Historian, Composer, Pianist, Speaker, Author

Music History Monday: The Best Gig in the World!

Frederick The Great and CPE Bach JJ Quantz

Frederick the Great playing a flute concerto in his palace in Sanssouci. C. P. E. Bach is at the piano and J. J. Quantz is leaning against the wall on the far right.

We wish a spirited and in all ways happy birthday to the composer and flutist Johann Joachim (J. J.) Quantz, who was born in Oberscheden, Hanover (in what today is central Germany) on January 30, 1697, 320 years ago today.

(“You say flutist, and I say flautist …” Actually, I say “flutist” because that’s how North Americans denote someone who plays the flute. In English speaking countries outside of North America, the word “flautist” rules. “Flutist” is by far the older term; according to the Oxford English Dictionary, it entered the English language in 1603 having been drawn from the French word flûtiste. It wasn’t until the mid-nineteenth century that the hoity-toits over the pond began using the word flautist, which was drawn from the Italian flautist. And there’s your TMI moment for today!)

You want to talk about breaking a father’s heart? On his deathbed, J.J. Quantz’ blacksmith father begged his 10 year-old son to follow him in the family trade. It didn’t happen, as J.J.’s extraordinary promise as a musician was already apparent.

Quantz was one of those irksome people who could play (and play well) any instrument he picked up, among them the violin, trumpet, and harpsichord. But it was as an oboist that he began his career: in 1718, at the age of 21, he was appointed oboist to the court of Augustus II, King of Poland and Elector of Saxony.

Six years later – in 1724 – the 27 year-old Quantz looked around and did not like what he saw: there were just too many good oboists active, and his chances for advancement were next to nil. So he did what any musical polymath would do under like circumstances: he switched instruments and took up the flute.

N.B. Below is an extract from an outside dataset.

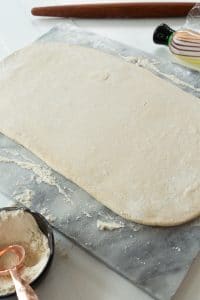 vegan croissant dough rolled out on marble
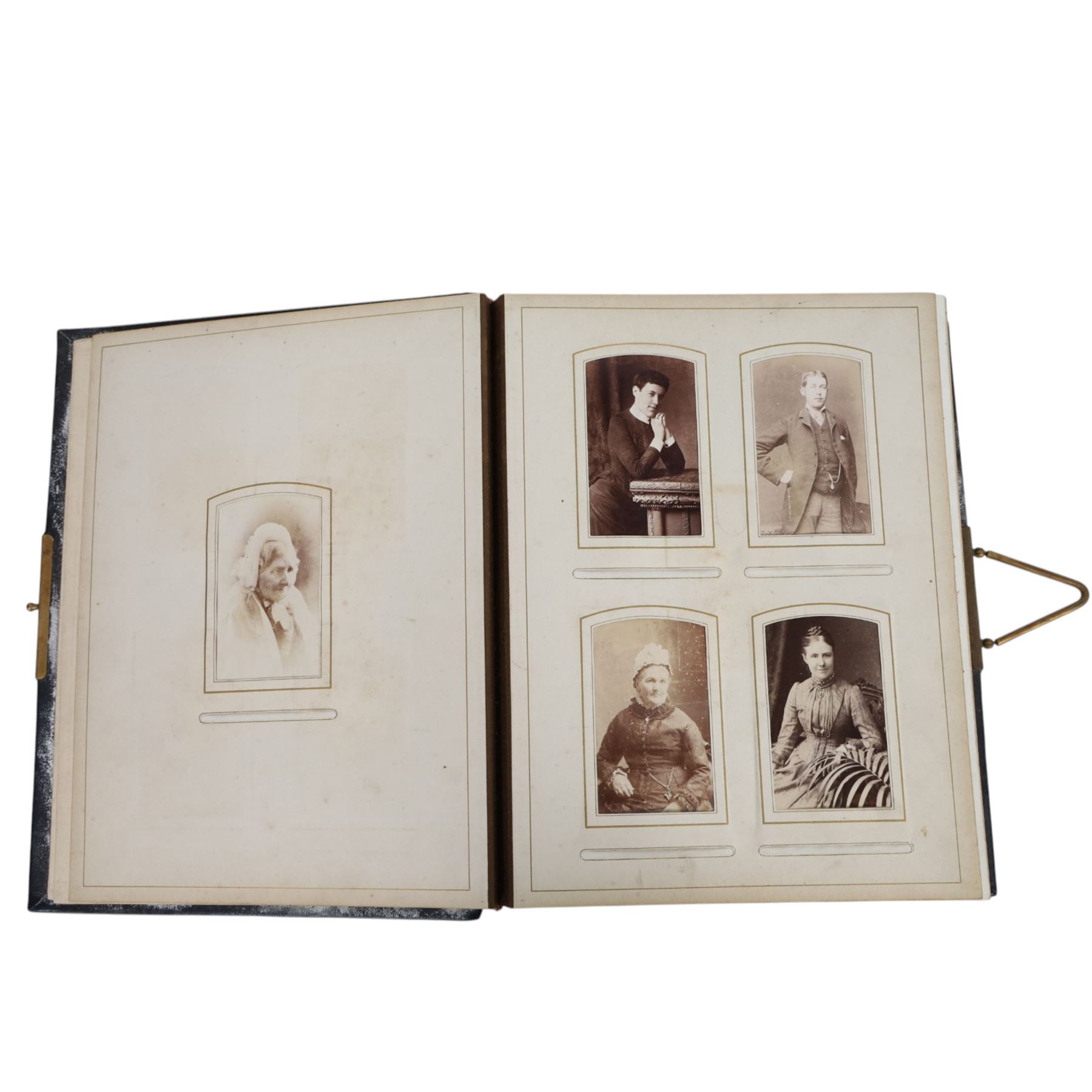 Two Victorian photograph albums, containing a collection of full and portrait Cartes de Visite, photographs and other ephemera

Quantz chose wisely. We don’t know what sort of oboe player he was, but we do know that within a few years he was considered one of the greatest flute players in all of Europe.

In 1728, the 31 year-old Quantz performed in Berlin, and among those in the audience was the 16 year-old crown prince of Prussia, Frederick II. The crown prince was so knocked out by what he heard that he immediately arranged to take flute lessons from Quantz, despite the fact that his father – King Frederick Wilhelm I – did not consider the flute a properly “manly” pursuit for a Prussian crown prince. (Perhaps King Frederick Wilhelm I would have preferred his son take up pillaging neighboring states? Hunting down and killing defenseless wild animals? Deflowering peasant virgins on their wedding day?) In the end it was yet another case of a father’s wishes being ignored: the 16 year-old crown prince began taking flute lessons from Quantz and continued doing so for 13 years, during which the two bonded like chewing gum and the sole of your loafers. When Crown Prince Frederick became the King of Prussia in 1740, Quantz received an offer no one could refuse. Come to Sanssouci – the royal residence in Potsdam, just outside Berlin – and become court composer and conductor, and flute and composition teacher to the king. In return, Quantz would take orders only from the king; he would not have to play in the court orchestra; he would receive a salary of 2000 thalers a year and generous bonuses for each new work he composed.

Beyond sweet. It was a job for life: Quantz moved to Potsdam in December of 1741 and remained there until his death 32 years later, in 1773.

And what a boss! Hey, they didn’t call King Frederick II “Frederick the GREAT” for nothing. Aside from his extraordinary accomplishments as a soldier and statesman, he was a music freak who was estimated to have participated in more than 10,000 performances during his reign. Quantz composed over 300 flute concerti for performance by himself and Frederick and they remain among the most brilliant works ever written for the instrument.
As we observed just a moment ago, Quantz was not only “Freddy the G’s” flute teacher, but his composition teacher as well. Among the King’s compositions are four concerti for flute, works that the king would have performed himself. They are competent, even elegant works, and they offer up the evidence that had he not been born a crown prince, Frederick might have made a go at a career in music.